RECORDS PROVIDED Start Marker
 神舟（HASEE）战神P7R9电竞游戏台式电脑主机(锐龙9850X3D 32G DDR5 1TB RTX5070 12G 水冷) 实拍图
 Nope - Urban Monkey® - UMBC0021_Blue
RECORDS PROVIDED End Marker
RECORDS PROVIDED Start Marker
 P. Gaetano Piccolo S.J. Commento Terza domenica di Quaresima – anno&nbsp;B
RECORDS PROVIDED End Marker
> [AIM OF THE TASK] Everything from the line containing "神舟（HASEE）战神P7R9电竞游戏台式电脑主机(锐龙9850X3D 32G DDR5" through the line containing "Nope - Urban Monkey® - UMBC0021_Blue" in the material above should be retyped exactly, both ends included, and nothing more.

> [SOLUTION]
 神舟（HASEE）战神P7R9电竞游戏台式电脑主机(锐龙9850X3D 32G DDR5 1TB RTX5070 12G 水冷) 实拍图
 Nope - Urban Monkey® - UMBC0021_Blue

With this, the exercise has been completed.